Deuxième partie : Origine et construction des volcans.

L'origine des basaltes, fruits d'une sédimentation marine ou sécrétions de l'intérieur de la Terre, tendait au consensus en faveur des vulcanistes lorsqu'une nouvelle controverse sépara de nouveau les géologues. Quelle était la construction intime des volcans?

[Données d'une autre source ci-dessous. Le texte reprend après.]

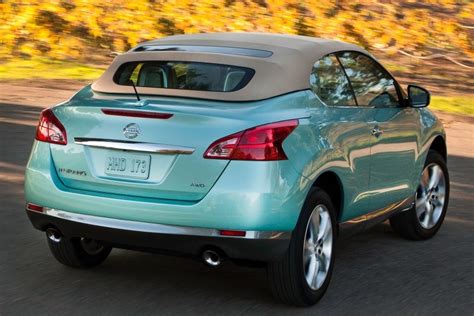 2014 Nissan Murano CrossCabriolet Pictures - 95 Photos | Edmunds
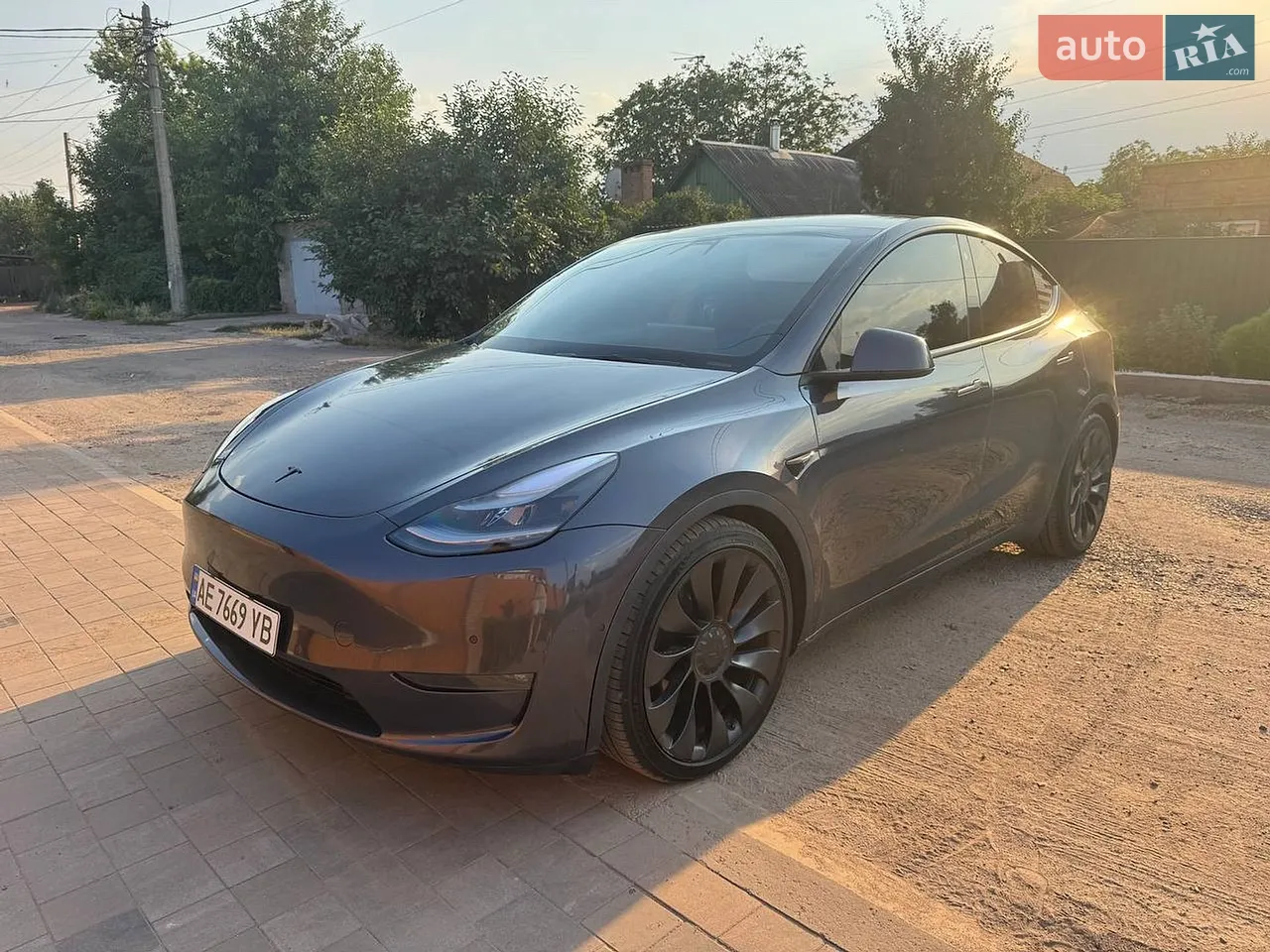 2022 Tesla Model Y - мініатюра 12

1 - La cheminée des volcans.

Si les volcans rejettent des produits issus de l'intérieur de la Terre, c'est qu'ils possèdent une cheminée permettant de communiquer directement avec les "entrailles" profondes. Le vieux rêve de la descente aux enfers trouvait dans cette déduction une assise scientifique. Jules VERNE en exagérera la portée tout en mettant l'idée dans le Grand Public. Par son "Voyage au centre de la Terre", il envisage une descente par la cheminée du volcan actif Snaefellsjökull, à l'Ouest de l'Islande, pour une remontée à la faveur d'une éruption du Vésuve, commettant ainsi l'une des rares anticipations non réalisées en notre XXème siècle. Les géologues français et les toujours très nombreux étrangers visitant l'Auvergne volcanique discutent de la possibilité d'une cheminée, de sa forme, de son ouverture, de son calibre, dans les cratères des petits volcans de la Chaîne des Puys. La littérature scientifique est pourtant avare en échos de ces discussions, sans doute parce que celles-ci faisaient état de bien peu d'arguments tangibles.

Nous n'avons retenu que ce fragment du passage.